2021, February 26th @12:30 PM (GMT+1)


The presentation discusses a novel method for accelerated wear testing of squeegees used in screen printing. In this study, squeegees were abraded on a conventional screen press and subsequently used to in print tests to evaluate the effect of wear on the printed product. Squeegees were also characterised in terms of their solvent absorption, surface hardness and ability to resist flexing to see how this correlated with ink transfer characteristics. There was a good correlation between resistance to flexing and ink film thickness for unworn squeegees, which was more effective than a comparison based on Shore A hardness.  Squeegee wear was found to vary between different squeegee types and caused increases in ink transfer and wider printed features. In production this will lead to greater ink consumption, cost per unit and an increased likelihood of product failure. While more wear generally gave greater increases in ink deposition, the effect of wear differed, depending on the squeegee. There was a correlation between the angle of the squeegee wear and ink film thickness from a worn squeegee. An ability to resist flexing gave a high wear angle and presented a sharper edge at the squeegee/screen interface thus mitigating the effect of wear.

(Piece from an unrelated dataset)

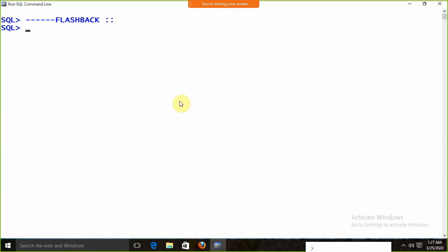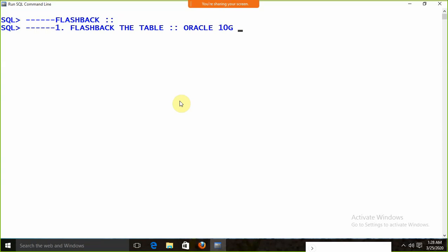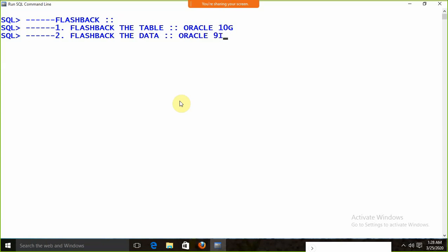Flashback is not a brand new feature. We are talking about Oracle 18c but flashback was introduced in Oracle 10g, so it was a feature of Oracle 10g. In Oracle, we can do two things: we can flashback the table to get it back — introduced in Oracle 10g — and we can also flashback the data, which was introduced in Oracle 9i. Still, these are considered new features because people are not familiar with them.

Speaker: Dr. Chris Phillips

Job Title:                 Lecturer in Chemical Engineering

Company Name:         Swansea University – WCPC

Dr Chris Phillips is a lecturer in Chemical Engineering and academic within the Welsh Centre for printing and Coating, working on materials and deposition methods for electronics, energy storage and biomedical sensing applications as well as chemical profiling of breath for disease diagnosis. Dr Phillips has an extensive background in manufacturing related development and issue resolution related to process control.